Pakistan Struggles to Keep Taliban Under Control

Night Watch
Posted: Jun 10, 2014 12:01 AM
Pakistan Struggles to Keep Taliban Under Control

North Korea: On 8 June, the Korean Central News Agency (KCNA) reported that an American citizen entered the Democratic People's Republic of Korea (DPRK) as a tourist on 29 April and acted in violation of the DPRK law, contrary to the purpose of tourism during his stay. He was arrested in mid-May.

The agency said, "A relevant organ of the DPRK detained him and is investigating him."

Comment: Three American citizens are now in North Korean custody. One has been sentenced to 15 years at hard labor for subversion, meaning he engaged in Christian missionary activity. The North Koreans have not announced the sentence of an earlier tourist who was detained for acting strangely by requesting asylum.

It is worth repeating that would-be defectors who say they want to help North Korea or stay in North Korea are automatically considered spies. Detained Americans provide the North with the justification to deal with the US whenever the North considers it advantageous.

Note: This incident occurred weeks before the US hostage exchange with the Taliban.

Pakistan: Three deadly security incidents occurred on Sunday.
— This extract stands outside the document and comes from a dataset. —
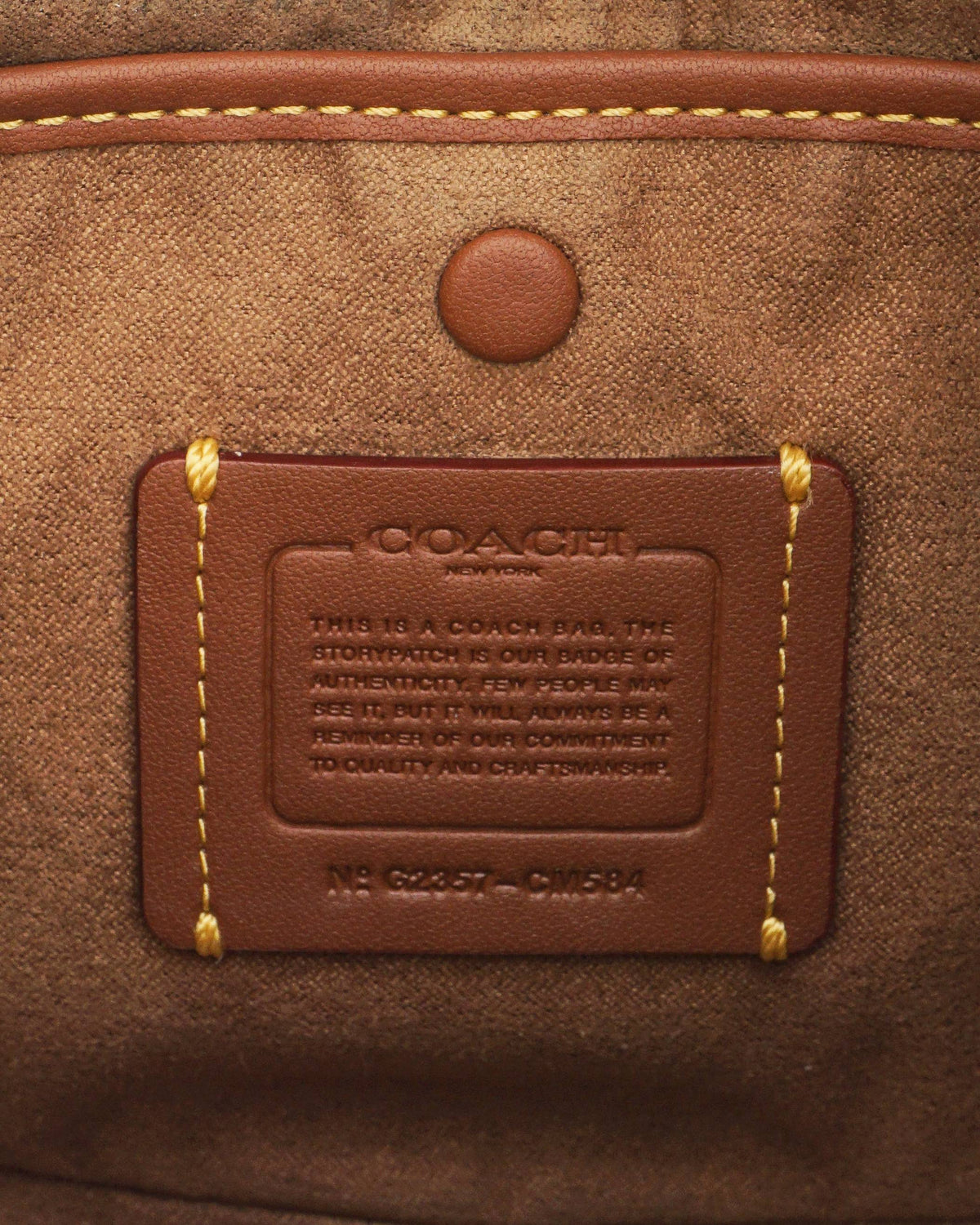 Coach Horse and Carriage Print Canvas Mira Crescent Shoulder Bag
The most sensational was the attack at Karachi International Airport by a group of gunmen, in which at least 24 people died, including ten attackers. At least 14 people were wounded. The killed terminal staff personnel were said to be mostly security guards from the Airport Security Force (ASF) and some airline workers.
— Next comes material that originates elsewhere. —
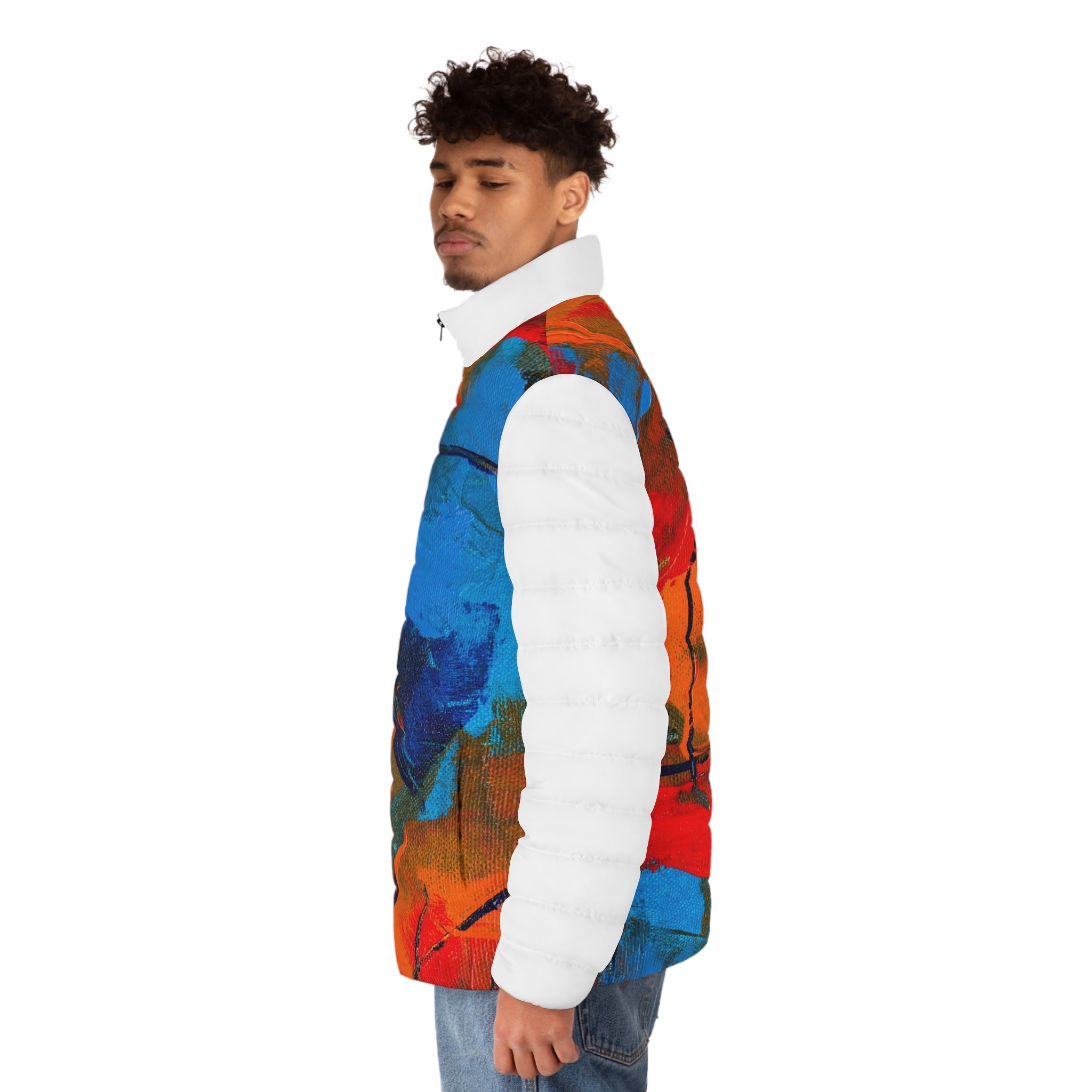 Viringee Hardedge Mosaic Duotone Men's Puffer Jacket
The authorities suspended flight operations, closed the airport terminal and evacuated staff and passengers. Army commandos engaged in a six-hour firefight until they killed the attackers and declared the airport secure.

During this Watch, gunfire resumed at Karachi, wounding one paramilitary Sindh Ranger on the morning of 9 June. In addition, the Pakistani Taliban (TTP) claimed responsibility for the attack. A senior official claimed its purpose was to hijack an aircraft as passengers were boarding. The rampage followed after airport security personnel prevented the hijacking.

Comment: After the publicity about the fragmentation of the TTP, its leaders evidently feel the need to demonstrate their strength as a threat. If that is the case, Readers should expect more sensational attacks.

A spokesman for the Rangers said "Indian arms and ammunition" were found on the bodies of the dead militants. There is no corroboration of this statement.

The second deadly attack occurred in western Baluchistan near the border with Iran. Five suicide bombers attacked the two hotels where 300 Shiite pilgrims were staying before returning to Iran. More than 23 civilians were killed.

Comment: No group has claimed responsibility for this attack, but attacks against Shiites usually are the handiwork of Sunni militant groups. The Pakistani Taliban are openly hostile to Shiites. Attacks occur regularly in Quetta, Baluchistan's capital, and in other major cities that have a significant Shiite population, such as Karachi and Islamabad.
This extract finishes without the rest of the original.